We all looked at each other mouthing, Kinky Friedman?

“Wait, wait. They don’t like dogs? The kids? And who in the hell is Kinky Friedman? Over.”

“Kinky. Uh, ran for governor a few years ago. Musician, writer. I don’t know much about him. He’s, like, the only musical act to ever have its Austin City Limits taping fail to air. For naughtiness or something. In the seventies. Anyway, Kinky’s not here. But, yeah, dogs’ hackles go up when there’s kids around. Bark like it’s the Devil himself. They do not hang around. God, we feel sorry for the kids, but they’re scary. It’s like they know they’re different now and can’t help it. What is this that’s happened? You guys have a frigging clue? Any media, Internet, phone working there? Ours all went out by I’d say nine that morning. Sorry, I have diarrhea of the mouth. Just so excited to be making contact. Over.”

“Same here. No adults. No reception of any kind. Just looped radio ads and this ham radio. Over.”

“Ha-ha yeah same in San An. The old world still shaking its moneymaker. Maybe the dead listen, head over to the great mall in the sky. Over.”

Bass looked at us. We offered nothing but agape mouths among the scatter of cards. He stopped with the niceties and catch-up and issued an existential question meant to be practical. “So, what do we do now, Chris?”

Chris took it as practical. “We’ve been talking. Makes sense to us that we should get together with anyone we find. Out here would a good place to gather. Austin’s probably not going much better than San Antonio kid-wise. Over.”

“They’re not doing much here other than amassing down by the river and roaring a lot. They are freaky, though, yeah, give you that.
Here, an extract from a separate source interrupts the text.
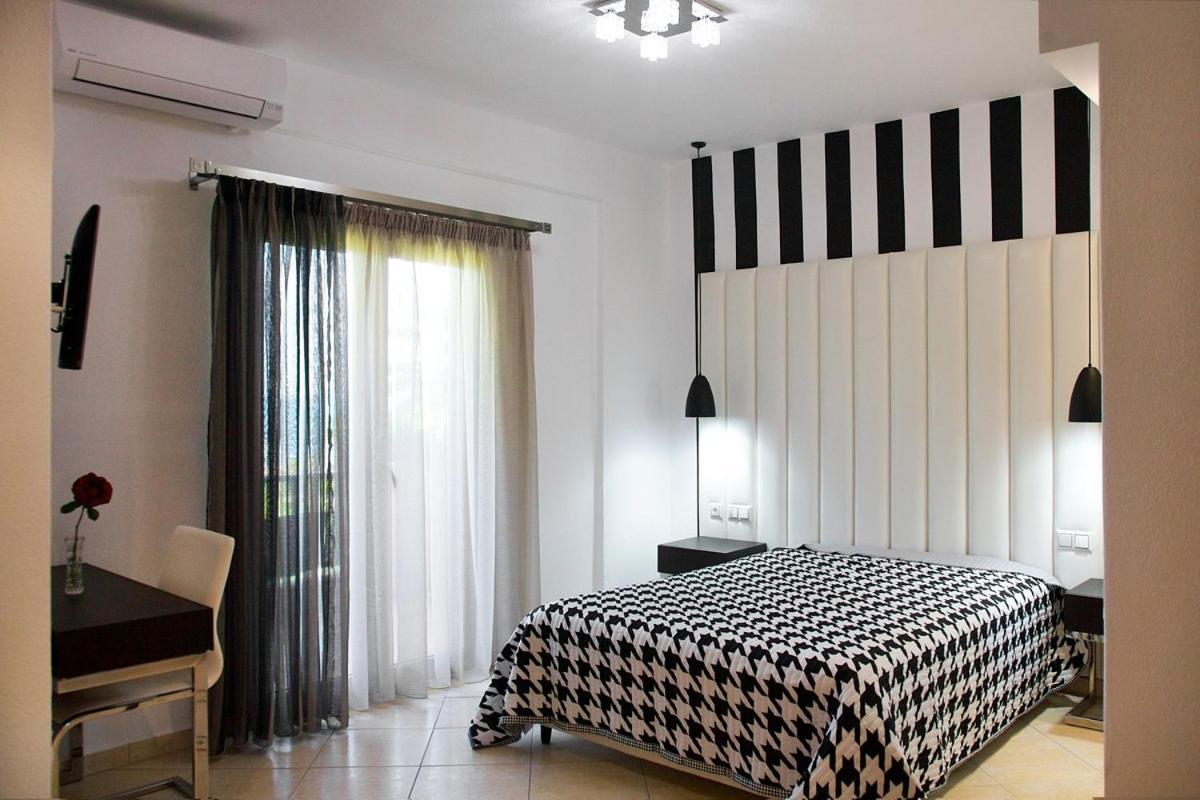 Stamos Apartments And Studios Βουρβουρού Εξωτερικό φωτογραφία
I think they’re just all freaked out right now and if we just let things settle, maybe in time we can all work together. Over.” Bass shrugged at us, like, right?
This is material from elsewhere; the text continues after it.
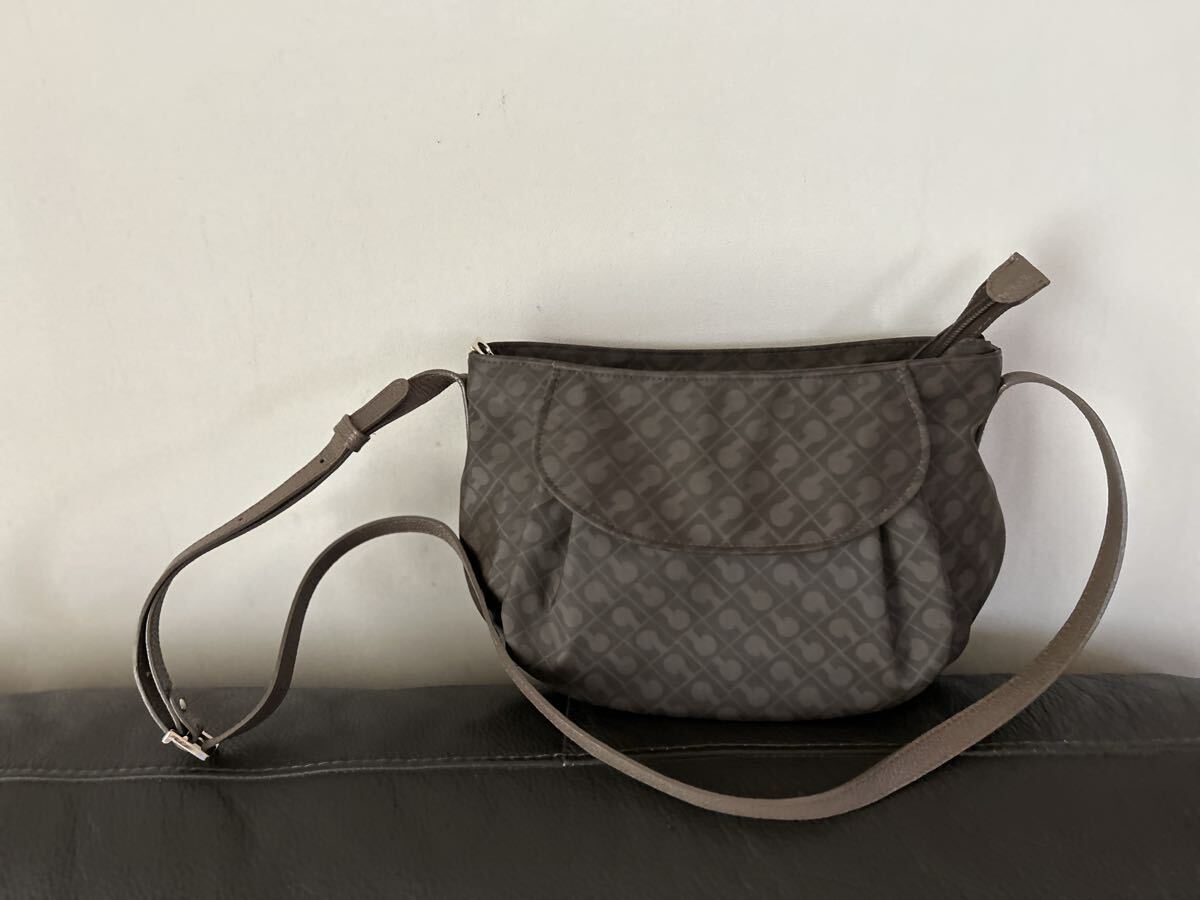 美品ゲラルディーニ ブラウンショルダーバッグ拍卖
“You all clearly have not seen what we have. You wouldn’t be saying that. Over.”

“I take your word for it. We’ve seen… enough. They haven’t done the roadblock thing to us. They’ve stayed away. They did surround us once when we went to go look at a plane crash, but that’s it. Other than their Hitler-youth rallies that look like an ocean of waving wheat. Oh, and they threw stuff at my truck. Over.”

“Yes! God, they move all weird. That alone. I mean, get the hell away from me, you know? Makes my skin crawl to see them do that. Not natural. Over.”
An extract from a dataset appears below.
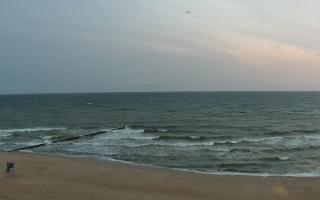 Mielno - widok na plażę zachód - 17-06-2025 01:43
“Yeah. Hey, keep this open. Don’t leave. We need to talk, map you guys, etcetera. Okay. Hold on. Over.”

“Gotcha. Sitting here, drinking a Lone Star, watching the dogs play, sun going down behind the hills there. Man… All good, Bastian, considering. The girls are cute. Lucked out. Over.”

Bass took his finger off the transponder. I said, “In case we get cut off, tell them where we are, the address. And ask them if they’re late bloomers.”

They looked at me weird, but didn’t question. Bass nodded and told Chris in Utopia where we were located. But he didn’t ask.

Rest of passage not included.